The forthcoming OpenSSL 1.1.1 release will include support for TLSv1.3. The new release will be binary and API compatible with OpenSSL 1.1.0. In theory, if your application supports OpenSSL 1.1.0, then all you need to do to upgrade is to drop in the new version of OpenSSL when it becomes available and you will automatically start being able to use TLSv1.3. However there are some issues that application developers and deployers need to be aware of. In this blog post I am going to cover some of those things.
##Differences with TLS1.2 and below
TLSv1.3 is a major rewrite of the specification. There was some debate as to whether it should really be called TLSv2.0 - but TLSv1.3 it is. There are major changes and some things work very differently. A brief, incomplete, summary of some things that you are likely to notice follows:
- There are new ciphersuites that only work in TLSv1.3. The old ciphersuites cannot be used for TLSv1.3 connections.
- The new ciphersuites are defined differently and do not specify the certificate type (e.g. RSA, DSA, ECDSA) or the key exchange mechanism (e.g. DHE or ECHDE). This has implications for ciphersuite configuration.
- Clients provide a “key_share” in the ClientHello. This has consequences for “group” configuration.
- Sessions are not established until after the main handshake has been completed. There may be a gap between the end of the handshake and the establishment of a session (or, in theory, a session may not be established at all). This could have impacts on session resumption code.
- Renegotiation is not possible in a TLSv1.3 connection
- More of the handshake is now encrypted.
- More types of messages can now have extensions (this has an impact on the custom extension APIs and Certificate Transparency)
- DSA certificates are no longer allowed in TLSv1.3 connections
Note that at this stage only TLSv1.3 is supported. DTLSv1.3 is still in the early days of specification and there is no OpenSSL support for it at this time.
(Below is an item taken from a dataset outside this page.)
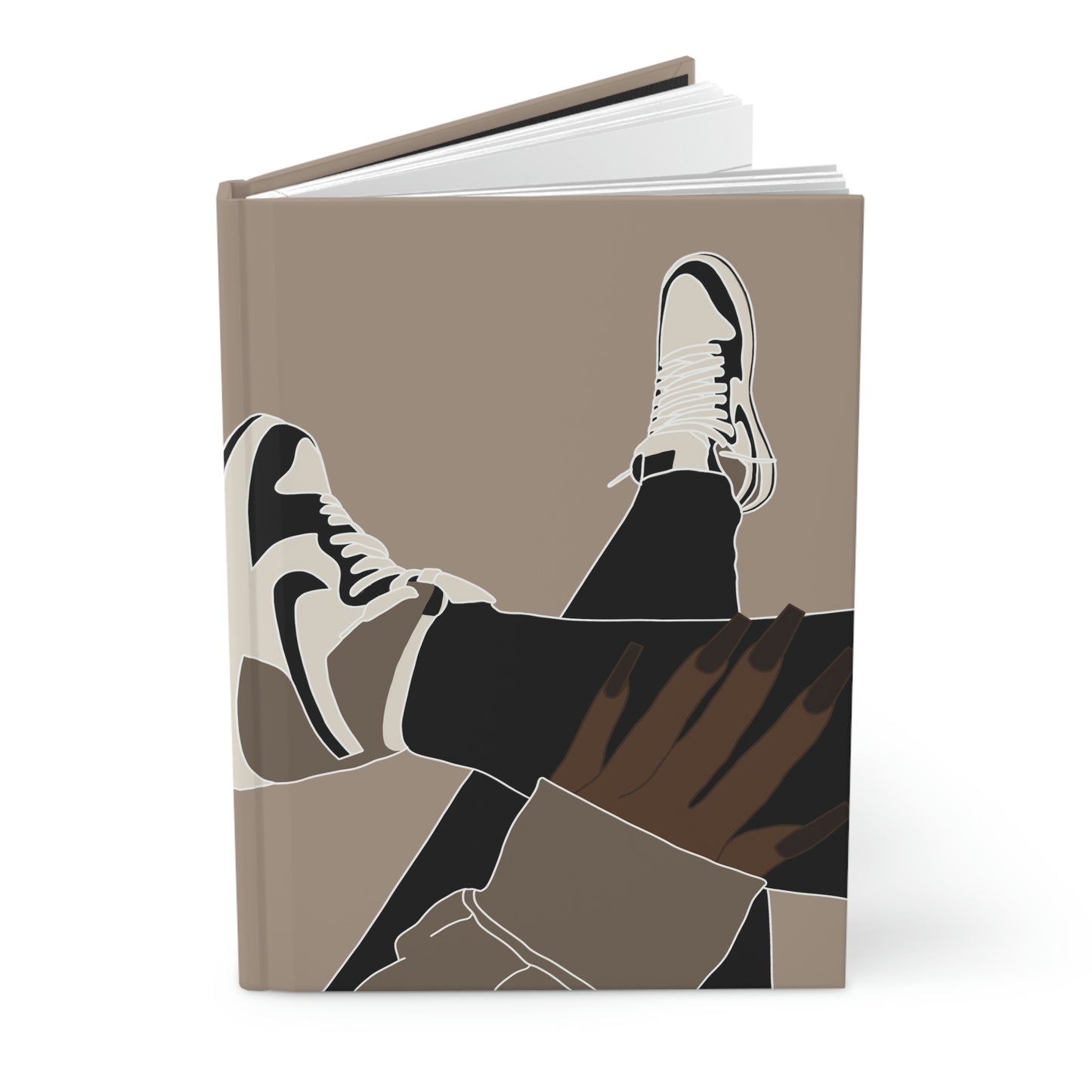 Fresh Kicks Notebook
##Current status of the TLSv1.3 standard
As of the time of writing TLSv1.3 is still in draft. Periodically a new version of the draft standard is published by the TLS Working Group. Implementations of the draft are required to identify the specific draft version that they are using. This means that implementations based on different draft versions do not interoperate with each other.
OpenSSL 1.1.1 will not be released until (at least) TLSv1.3 is finalised. In the meantime the OpenSSL git master branch contains our development TLSv1.3 code which can be used for testing purposes (i.e. it is not for production use). You can check which draft TLSv1.3 version is implemented in any particular OpenSSL checkout by examining the value of the TLS1_3_VERSION_DRAFT_TXT macro in the tls1.h header file. This macro will be removed when the final version of the standard is released.
In order to compile OpenSSL with TLSv1.3 support you must use the “enable-tls1_3” option to “config” or “Configure”.
Currently OpenSSL has implemented the “draft-20” version of TLSv1.3. Many other libraries are still using older draft versions in their implementations. Notably many popular browsers are using “draft-18”. This is a common source of interoperability problems. Interoperability of the draft-18 version has been tested with BoringSSL, NSS and picotls.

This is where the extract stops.